Origins: Yesterday


We’ve all heard of the Beatles. That goes without saying. Today’s bands have to be some kind of something to be compared to them, and even if they’re not, it’s not uncommon to bask in Beatle glow (Bay City Rollers, anyone?). But what if someone woke up in a world where no one had heard of the Beatles but them? It would be like getting the keys to the kingdom. The golden goose. The genie in the bottle. There would be nowhere to go but everywhere.

That’s the premise of Yesterday, a film that debuts tomorrow. Jack (Himesh Patel) is a nondescript guy whose music career is nonexistent until he gets hit by a bus during a power outage, and after that everything changes.

Before I go any further, here’s the trailer:

Be still, my heart. I’m intrigued. I really am. Not only because it looks like a good movie, but because Jack somehow knows the entire Beatles catalogue perfectly and can pull a song out at the drop of a hat.


On the flip side, though, I have to wonder how the movie will address the Beatles’ absence in terms of music’s sound and impact on an audience. Every pop, rock, or alternative band or singer since 1970, and even before, has drawn on the Beatles in some way, and if that influence is suddenly gone, what’s left? Would bands still sound safe and non-threatening like they did after Elvis got drafted? Or would rock music have just faded into the background like swing did until the ska craze of the 90s?

And what exactly keeps us coming back to the Fab Four, even though it’s almost fifty years since they broke up? I’m no Beatles expert, but I think it boils down to five major factors:

Charisma out the wazoo.

Last concert at Candlestick Park, August 29, 1966. Note the fence. (San Francisco Art Exchange)

These guys knew how to draw crowds. It’s hard to explain how that works, but the Beatles had whatever it is in spades. We’ll never know what kind of live show they could have put on once they started touring, since no one could hear them over the screaming anyway.

They allowed themselves to be different.

Ultimate Classic Rock

Thinking outside the box seemed to come naturally to the Fab Four. and most of the time it wasn’t planned. The skewed photo on Rubber Soul? Pure accident. The feedback that opens “I Feel Fine”? Also an accident. Their brains were always attuned to pick up sounds and techniques in music that were new and different, and a lot of it is impossible to duplicate. Plenty of guitarists have tried and failed to recreate the opening lick of “Revolution,” but it can’t be done anymore.
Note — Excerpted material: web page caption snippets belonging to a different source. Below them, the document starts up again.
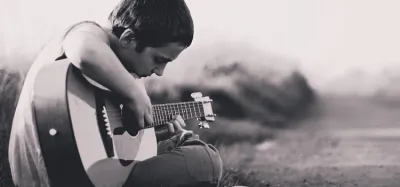 Beginner acoustic and electric guitars lined up for a buying guide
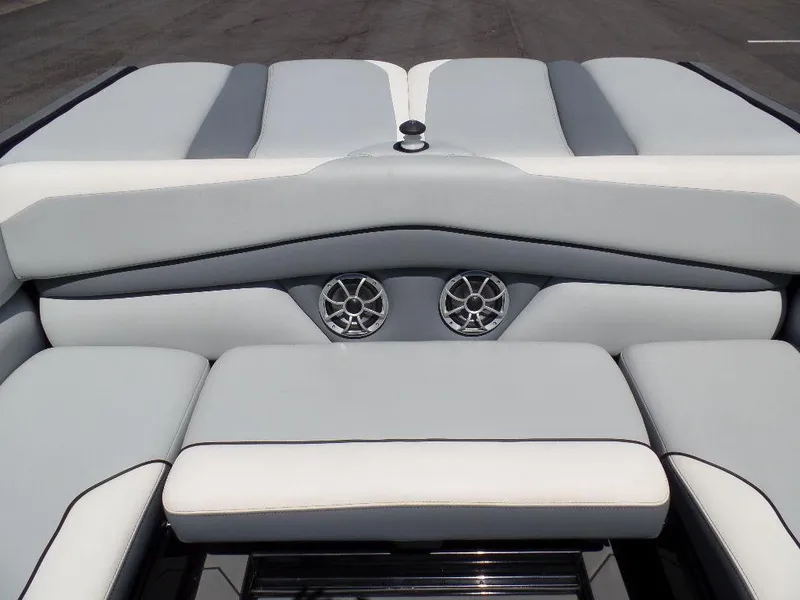 Slide: The Image of 2019 Axis A24 boat interior with cushioned seating and built-in speakers. - 13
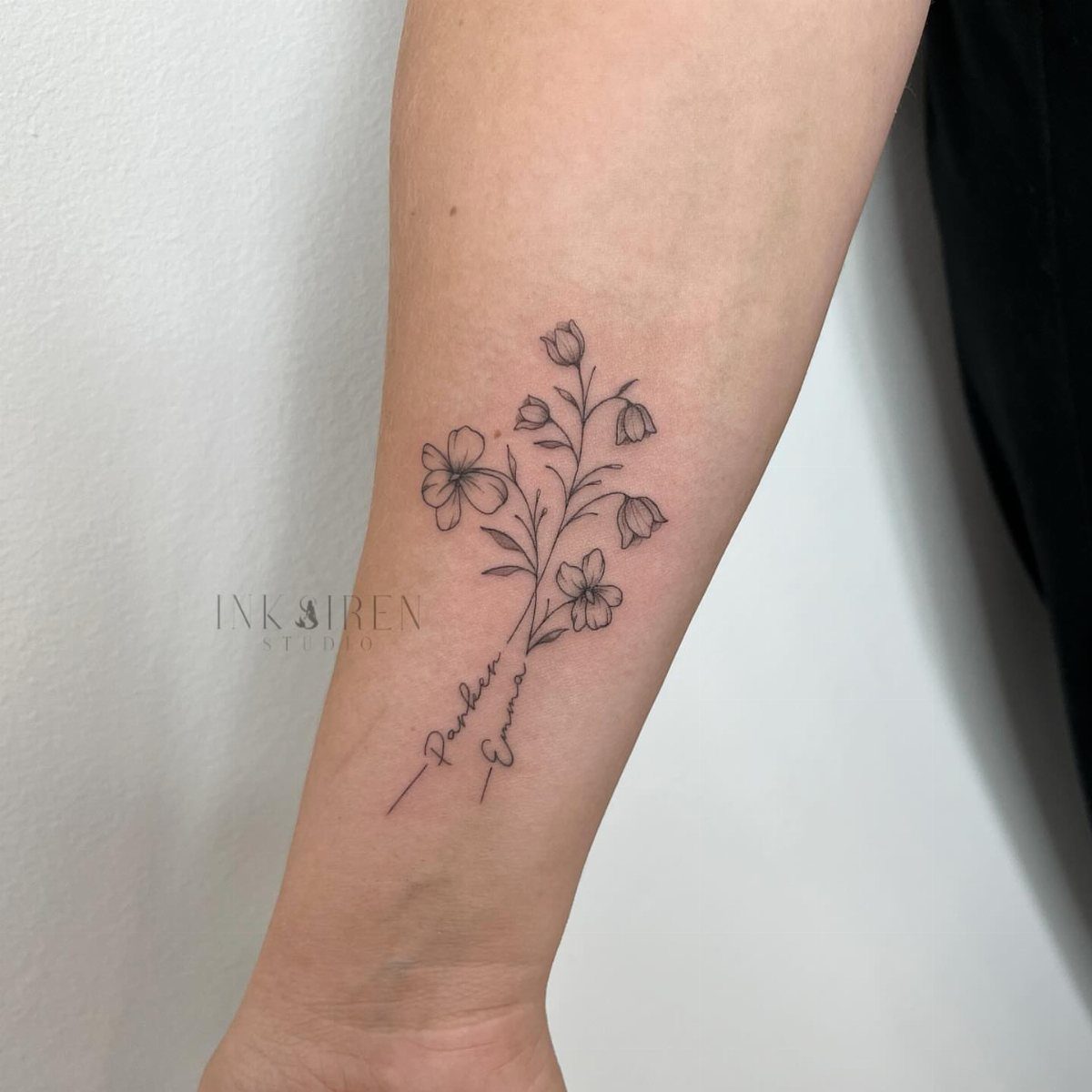 Floral tattoo on a forearm with delicate flowers and the names Parker and Emma.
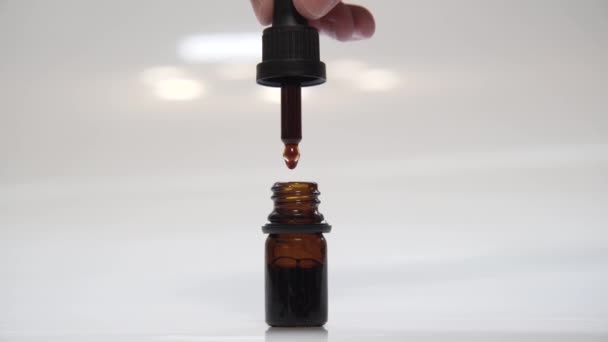 Ręka powoli napełniająca butelkę szklanego leku pipetą. CBD Konopie Olej przemysł medyczny - Materiał filmowy, wideo
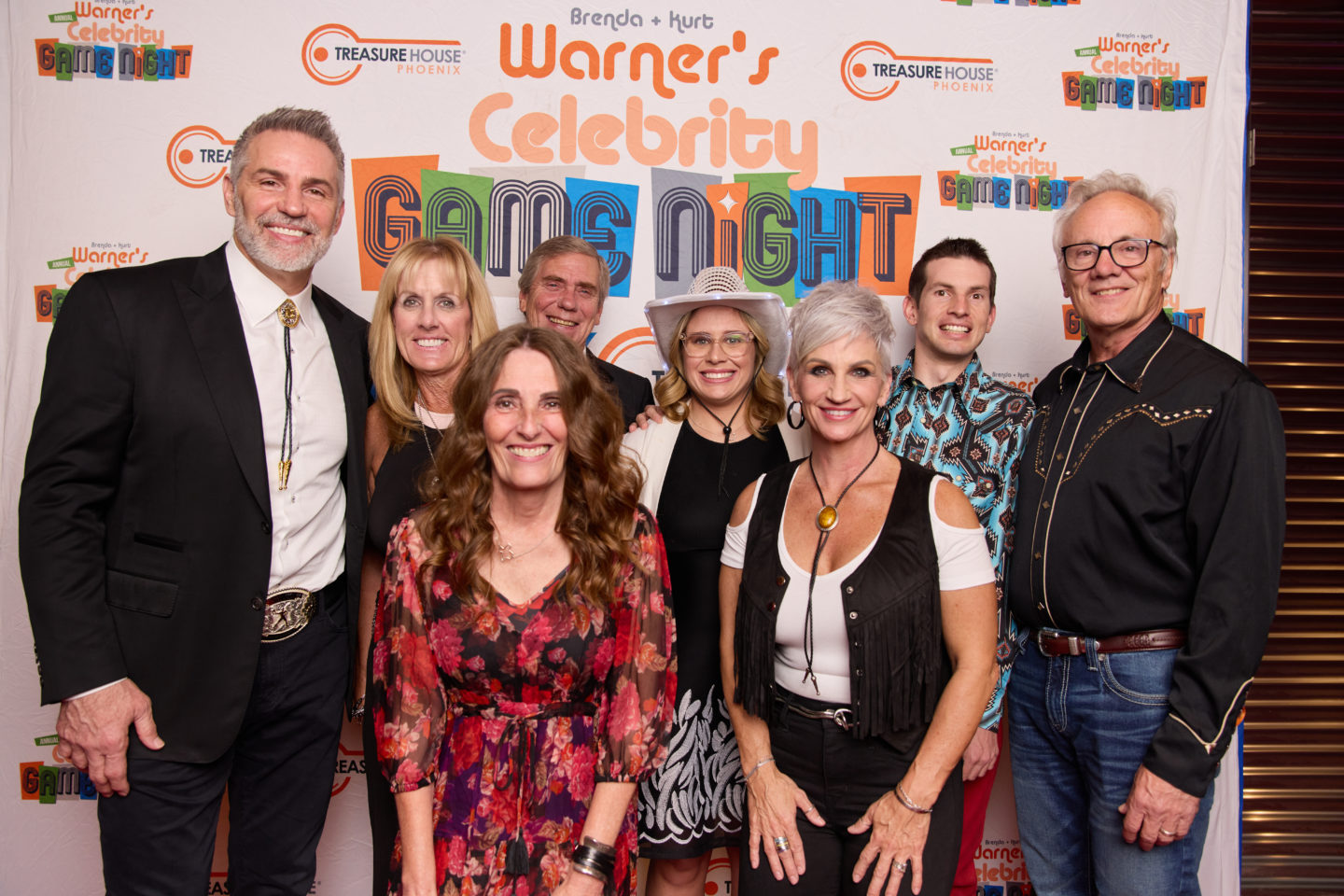 A group of people pose with Kurt and Brenda warner in front of the celebrity game night logo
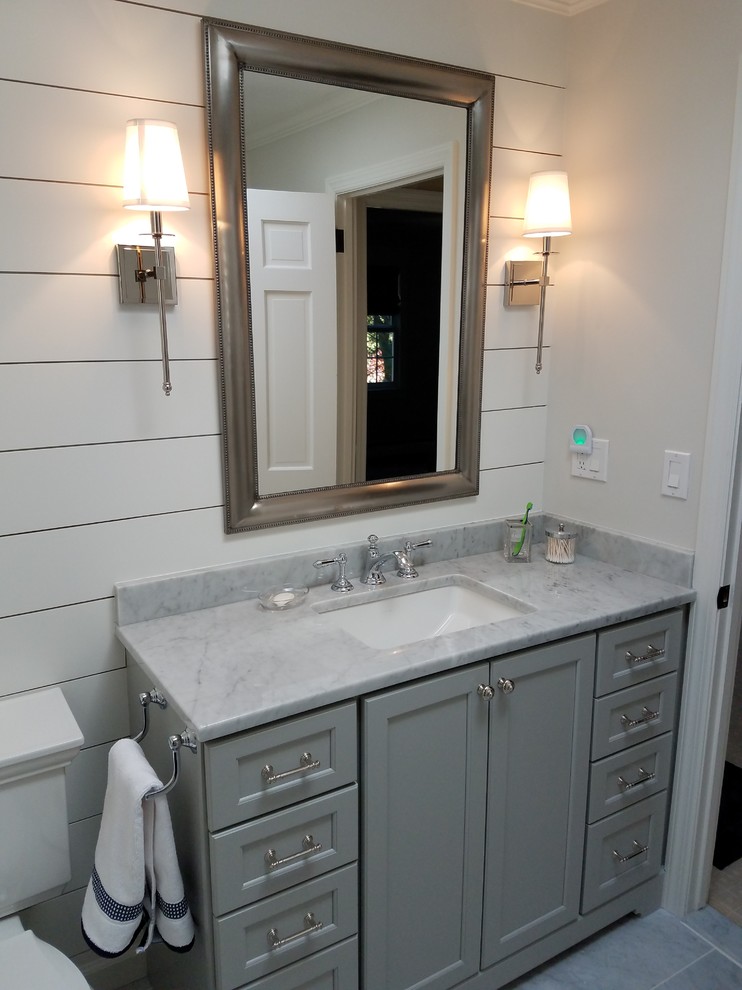 Inspiration for a medium sized traditional shower room bathroom in Bridgeport with recessed-panel cabinets, grey cabinets, an alcove shower, a one-piece toilet, white walls, marble flooring, a submerged sink, marble worktops, grey floors, a hinged door, grey tiles and metro tiles.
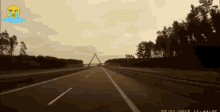 a screenshot of a highway with a crying face on it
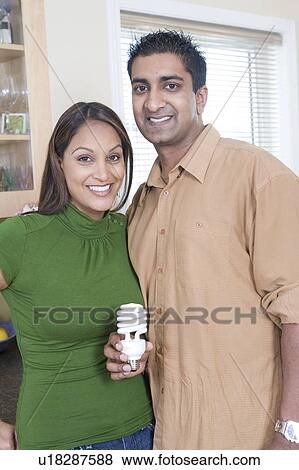 Couple holding energy efficient compact flourescent bulb, Winnipeg, Canada View Large Photo Image Stock Photo - Couple holding energy efficient compact flourescent bulb, Winnipeg, Canada. Fotosearch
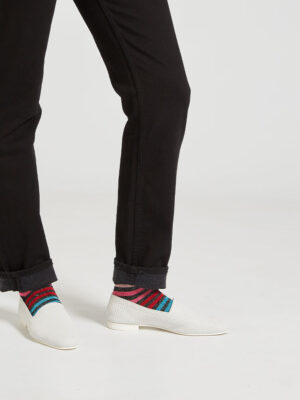 Ops&Ops No10 Action White leather flats worn with multi-striped lurex socks and black turned-up jeans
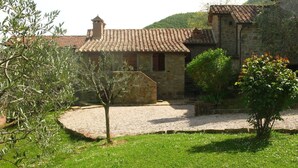 Un edificio in pietra con tetto in tegole, circondato da un cortile in ghiaia e da piante.
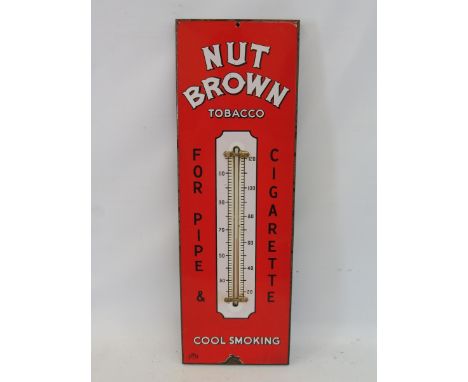 A Nut Brown Tobacco enamel thermometer in excellent condition, 7 1/2 x 22 1/2".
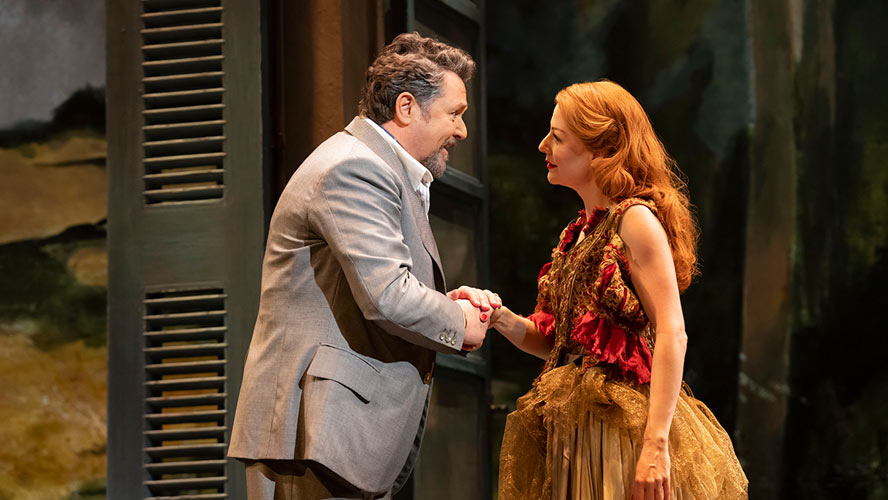 A dramatic scene from Aspects of Love, featuring actors on stage with vibrant lighting.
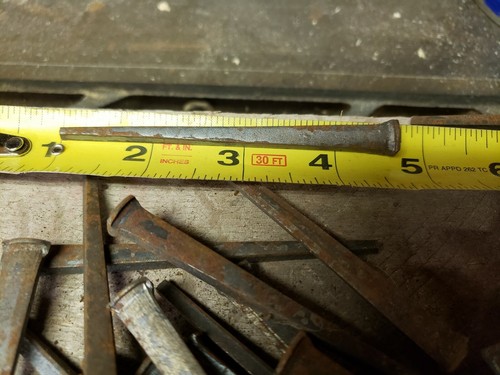 63 Antique 3 1/2 inch, square cut nails hand made unused, straight but rusty.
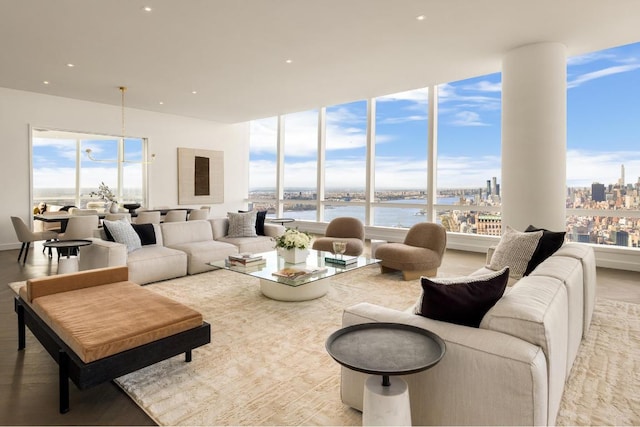 living room featuring a view of city, recessed lighting, and a water view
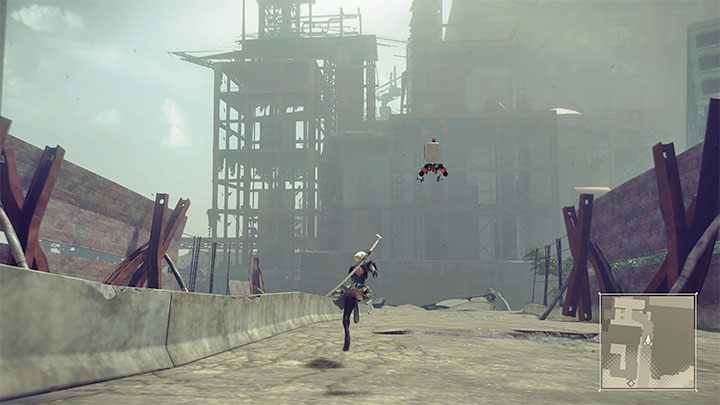 Wyruszcie na wprost po uszkodzonym moście, dzieki czemu dotrzecie w pobliże fabryki - NieR Automata: Fabryka z prologu - jak powrócić? - NieR Automata - poradnik do gry
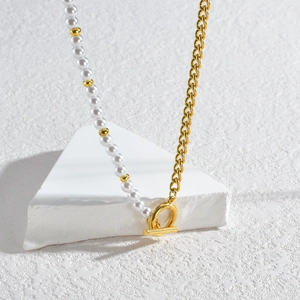 Minimalist pearl and gold chain link necklace with OT toggle clasp on geometric stand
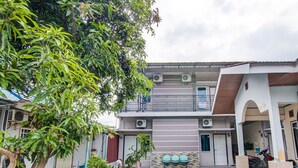 A two-story building with a balcony, air conditioning units, and a paved courtyard. - Hotel O Raya Guest House Syariah (Pekanbaru)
There’s something about playing full-bore into a failing recording cable that’s not exactly repeatable. That, and the sound console it was recorded on probably no longer exists or is sitting in a museum somewhere.

They were very quick studies.

The Beatles in Hamburg, 1960. (NME)

When a band spends most days playing for an audience at seven-hour stretches, they tend to be very, very proficient at their craft, and the Beatles had their baptism of fire in Hamburg. It gave them a lot of wiggle room in terms of being able to improvise and innovate while still holding an audience’s attention. In the studio, this translated into less time getting tracks laid down. In the early days, the Beatles were easily able to record an entire album in a day, and this naturally led them to have more time for experimentation.

George Martin was their producer.


This was yet another major factor in the Beatles’ success. As a classicist, George Martin brought a ton of depth to the Beatles and he certainly expanded their musical toolbox. Who knows if “Penny Lane” would have had a piccolo trumpet if not for George Martin. He added classical elements to songs such as “In My Life,” which has a baroque style, and strings to “Eleanor Rigby.” He also created the distinctive discordant crescendo that winds up “Day In The Life.” John Lennon later said, “George Martin made us what we were in the studio. He helped us develop a language to talk to other musicians.”

There’s always the lingering question of what might have been.


The Beatles got together, got big, toured, retreated into the studio, and broke up all before they were thirty. It’s anybody’s guess where they would have gone as a band if they had stayed together longer, or maybe have gone full bore like the Rolling Stones and kept going to the bitter end, which in the case of the Stones, hasn’t happened yet. I sometimes wonder if people still show up to Stones concerts to see if those fellas can still move.

Anyway, I honestly don’t think it would have been possible for the Beatles to endure as an actuality, because when life gets as intense as it got for these guys, burnout tends to happen quickly. Other bands may be able to say they’ve outlasted the Beatles, but none of them can say their experiences compare to the Beatles.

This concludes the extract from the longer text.